C ++ Writing and reading performance from disk

Possible duplicate:
Writing a binary in C ++ is very fast

I have a large number of unsigned 32-bit integers in memory (1.5 billion entries). I need to write them to a file and read them in main memory.

Now I do this using:

ofstream ofs; ofs.open(filename); for (uint64_t i = 0 ; i < 1470000000 ; i++) ofs << integers << " " ; 

and

 ifstream ifs; ifs.open(filename); for (uint64_t i = 0 ; i < 1470000000 ; i++) ifs >> integers ; 

It takes a few minutes. Can anyone help me if there is any library method to make this faster? Or any suggestion, so I can run a performance test? Can someone show me a simple C ++ code that uses mmap to execute the above (on Linux)?

EDIT: EXAMPLE CASE

 #include<iostream> #include <stdint.h> #include <cstdio> #include <cstdlib> #include <sstream> using namespace std; main() { uint32_t* ele = new uint32_t [100] ; for(int i = 0; i < 100 ; i++ ) ele[i] = i ; for(int i = 0; i < 100 ; i++ ){ if(ele[i] < 20) continue ; else // write ele[i] to file ; } for(int i = 0; i < 100 ; i++ ){ if(ele[i] < 20) continue ; else // read number from file // ele[i] = number * 10 ; ; } std::cin.get(); } 
+4
source share
4 answers

The first thing to do is determine where time is going. Formatting and parsing the text are not trivial and can take some time, but you can actually write and read, given the size of the file. Secondly, to determine what the data should be: the fastest solution is almost certainly the mmap (or its Windows equivalent) array to the file directly, and never read or write. This does not however provide a portable representation, and even the compiler can make the data unreadable. (It is unlikely that 32 bits are integers today, but this happened in the past).

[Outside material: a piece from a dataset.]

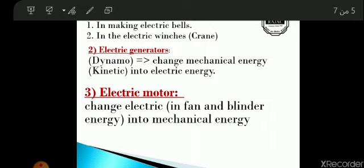The electromagnet changes electric energy into magnetic energy. That is the key function of the electromagnet.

In general, if time is going to read and write, you will want to explore using mmap . If it will be formatting and parsing, you will want to conduct a study of the binary format - it can also help in reading and writing if it reduces the resulting files. The simplest binary format, recording values ​​using a standard network standard, requires no more than:

 void writeInt( std::ostream& dest, int32_t integer ) { dest.put( (integer >> 24) & 0xFF ); dest.put( (integer >> 16) & 0xFF ); dest.put( (integer >> 8) & 0xFF ); dest.put( (integer ) & 0xFF ); } int32_t readInt( std::istream& source ) { int32_t results = 0; results = source.get() << 24; results |= source.get() << 16; results |= source.get() << 8; results |= source.get(); return results; } 

(Some error checking should obviously be added.)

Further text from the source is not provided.